Maybe that was always too romantic. Maybe we are simply at a place in which anyone else’s victory means that we are diminished. But I continue to believe that nothing about this week’s winner-take-all law or politics would have been appealing to Ginsburg, just as nothing about eroding the integrity and reputation of the courts would have been attractive to her. Corny as it may sound, the justice really did see the law as a means of offering up America’s bounty to everyone. That work demanded patience and politeness and cooperation.

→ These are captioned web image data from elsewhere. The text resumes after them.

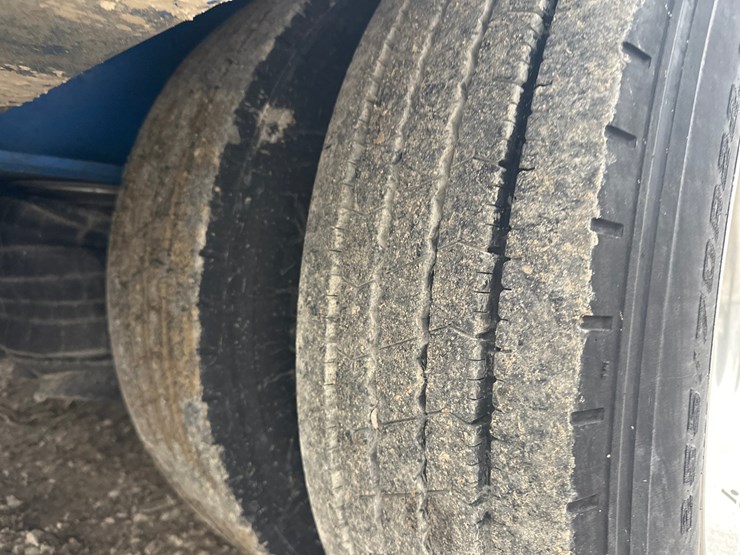 2022-globe-lowboy-image-47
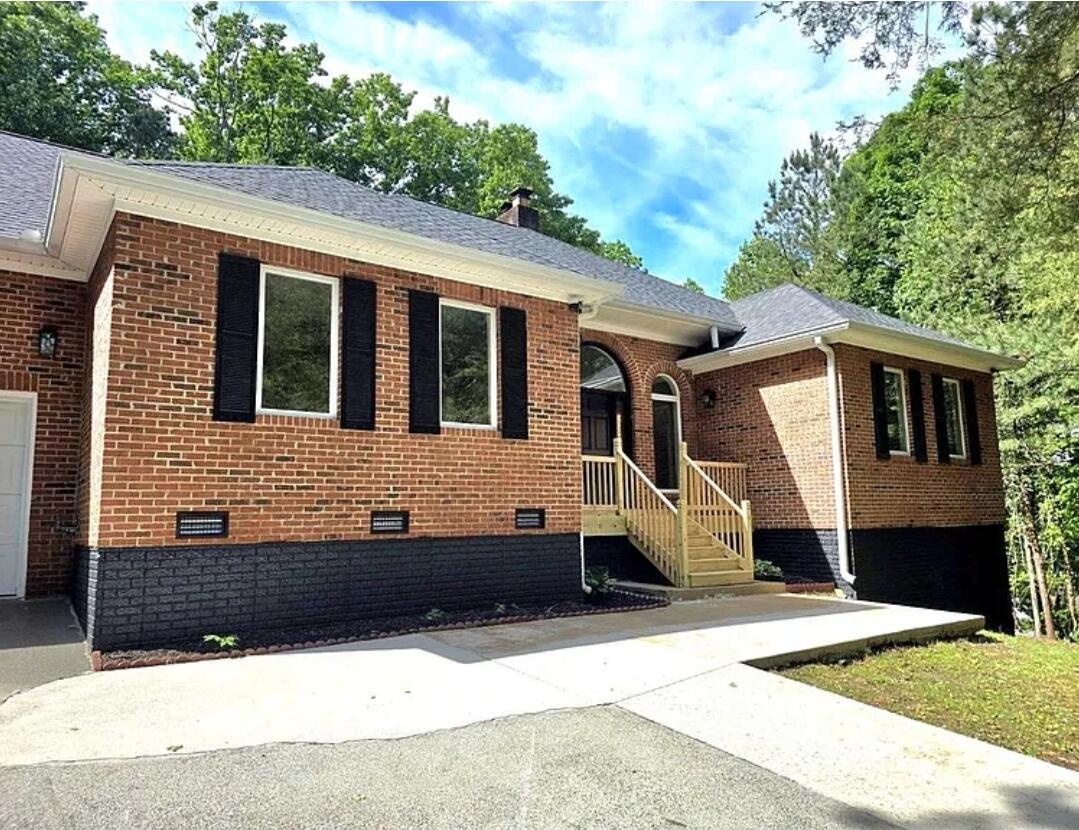 502 Shire Court — photo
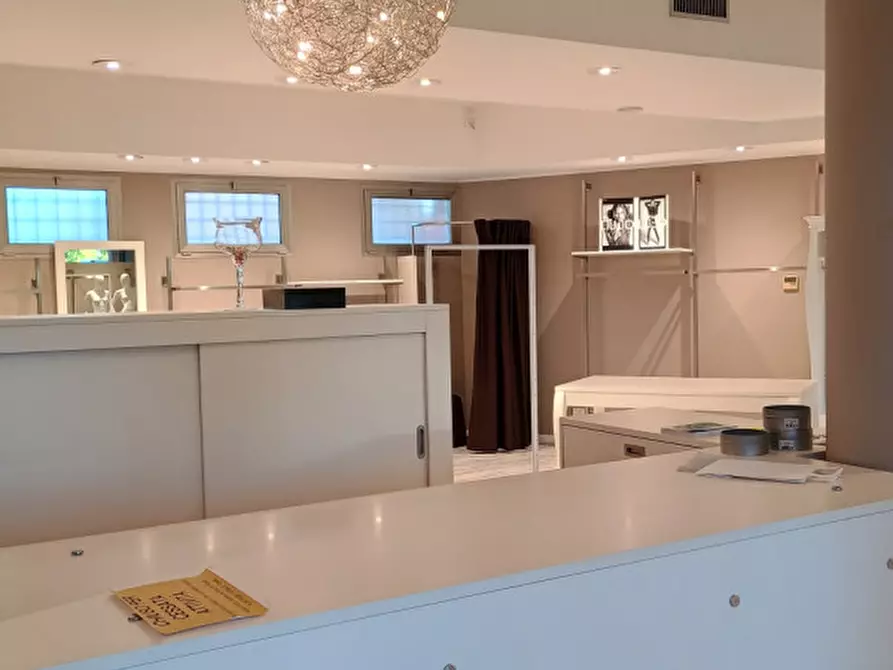 Immagine 1 di Negozio in affitto  in Viale Italia a Creazzo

That millions of people stand to lose health care, and reproductive rights, and environmental protections, because of her replacement at the court is horrible. It is one cause of my rage, certainly. But it isn’t the worst thing RBG could have imagined. The worst thing is the exultant ways in which those ensuring that so many will suffer so a few can call themselves the victors would have been anathema both under her view of the Constitution and under her polite and anachronistically charitable worldview. And it is, I think, worth being mad about. I have gradually come to think that while RBG didn’t let herself be motivated by naked fury, she was propelled forward by injustice. And the injustice of having a seat filled by yet another president who lost the popular vote, and ratified by a Senate that subverts the minority vote, even as a majority of the country has no interest in rushing the vote? That injustice burns just as hot as any injustice RBG encountered, and perhaps even she would have given up on good-faith cooperation when good-faith cooperation took advantage of her.